Task statement = Once you have found the line with "Plantar Wart On" in the records below, retype it and every line after it to the end exactly, with no pictures and nothing more.

[Short text fragments from websites]
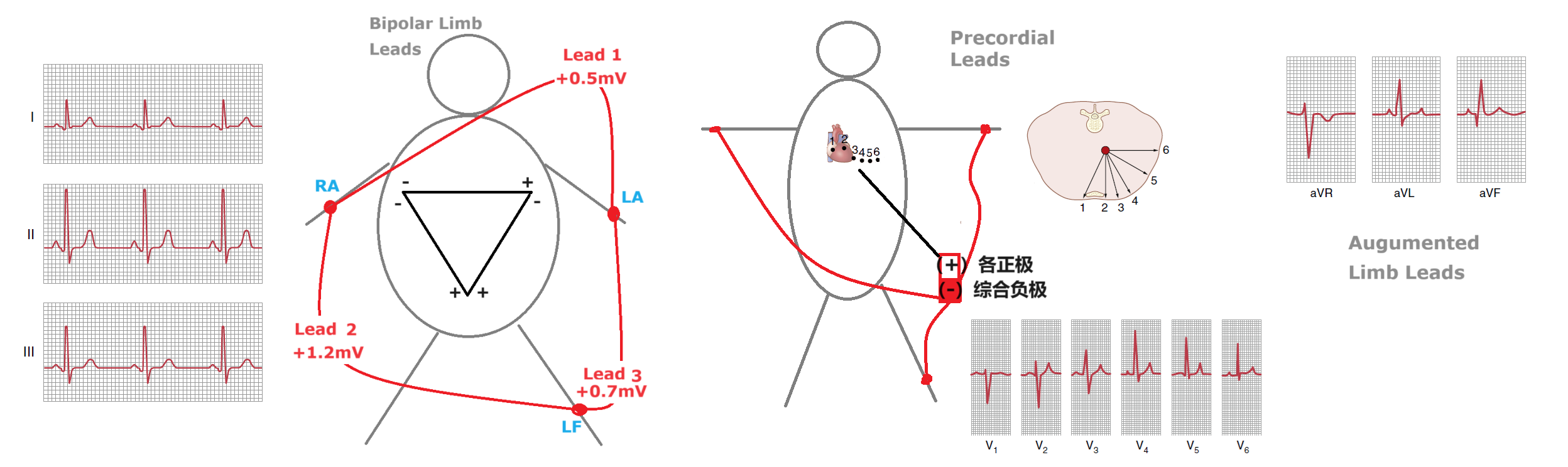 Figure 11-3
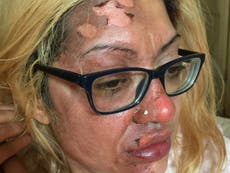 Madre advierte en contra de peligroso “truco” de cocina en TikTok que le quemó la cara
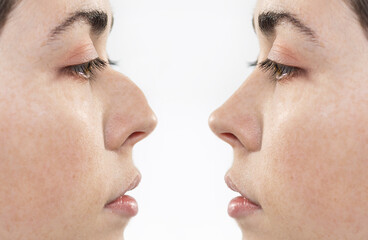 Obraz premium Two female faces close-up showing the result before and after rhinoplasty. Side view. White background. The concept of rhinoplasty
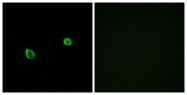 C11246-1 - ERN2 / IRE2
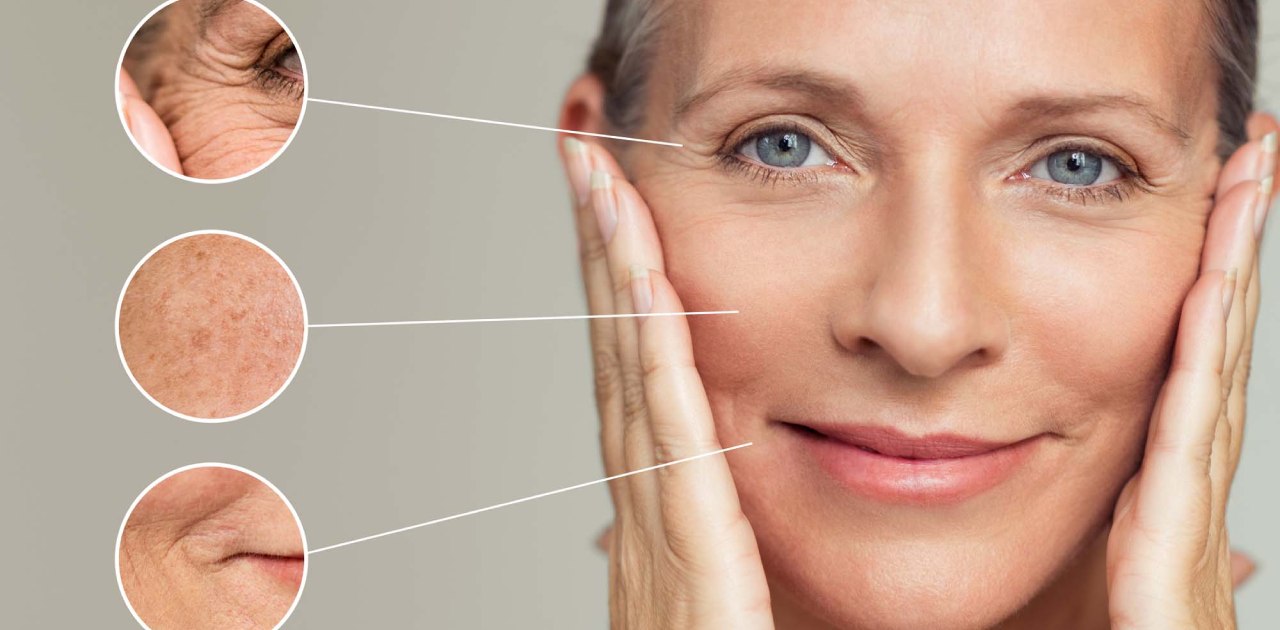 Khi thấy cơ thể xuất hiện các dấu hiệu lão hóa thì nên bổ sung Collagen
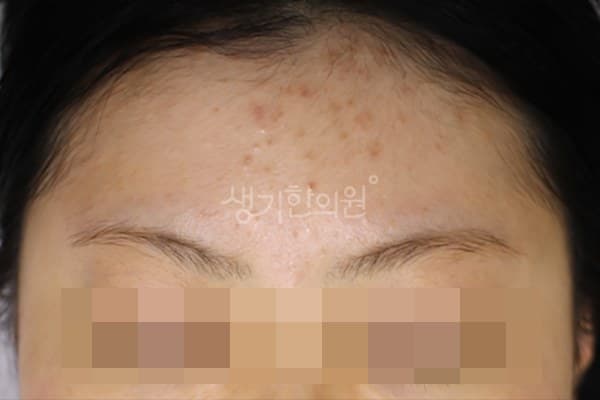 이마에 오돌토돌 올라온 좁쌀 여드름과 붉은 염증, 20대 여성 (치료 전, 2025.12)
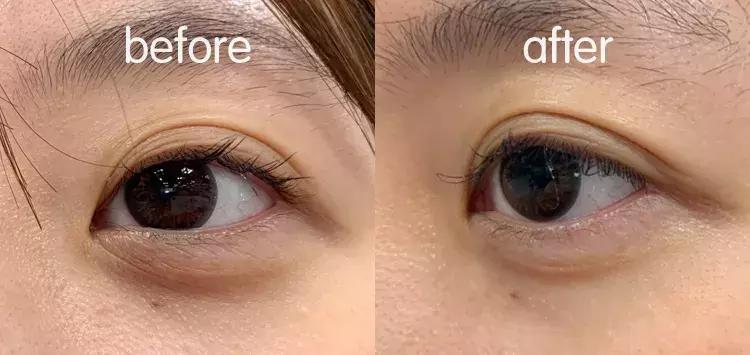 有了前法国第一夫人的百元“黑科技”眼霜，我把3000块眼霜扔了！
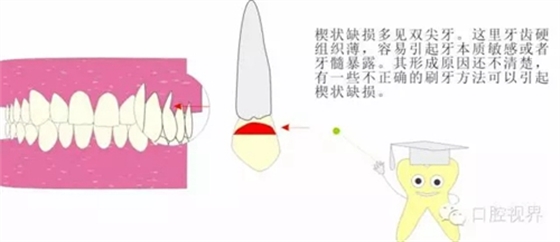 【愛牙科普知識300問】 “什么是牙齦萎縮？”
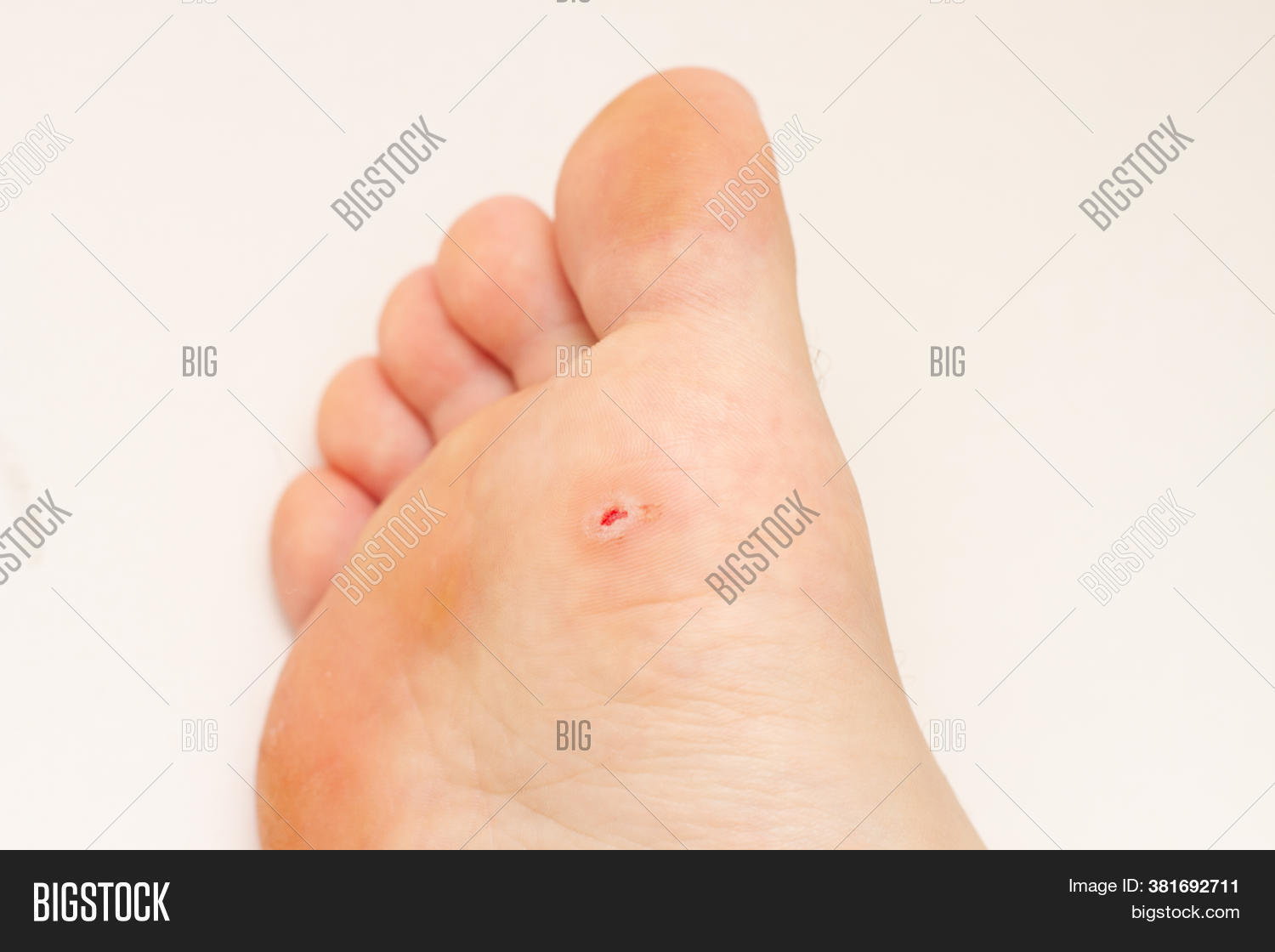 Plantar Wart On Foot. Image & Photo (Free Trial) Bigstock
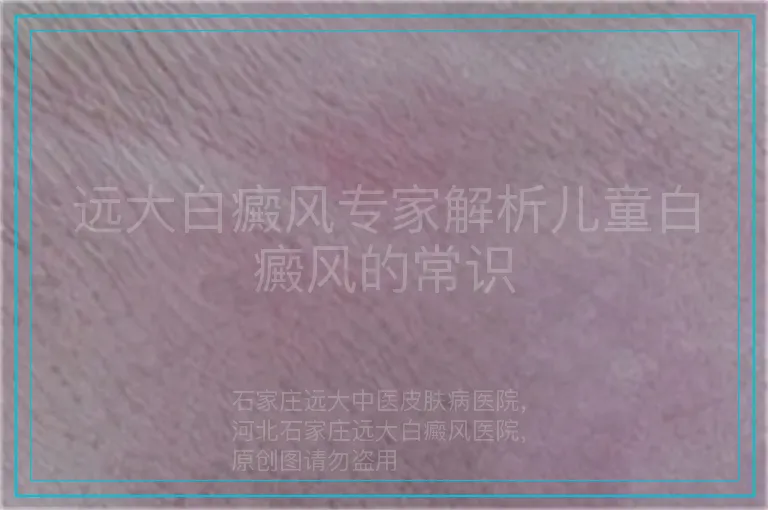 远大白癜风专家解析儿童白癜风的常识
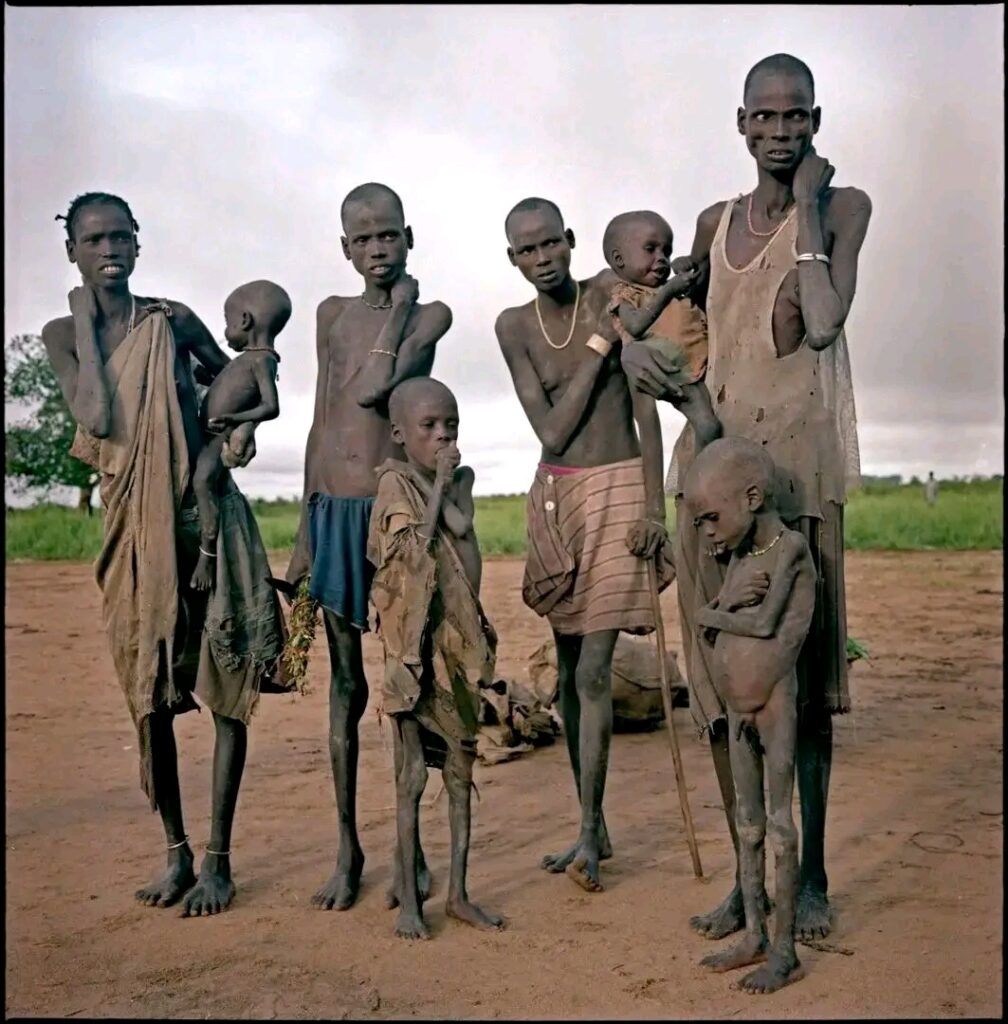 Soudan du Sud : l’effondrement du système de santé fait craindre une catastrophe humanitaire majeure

Solution for this task =
 Plantar Wart On Foot. Image & Photo (Free Trial) Bigstock
 远大白癜风专家解析儿童白癜风的常识
 Soudan du Sud : l’effondrement du système de santé fait craindre une catastrophe humanitaire majeure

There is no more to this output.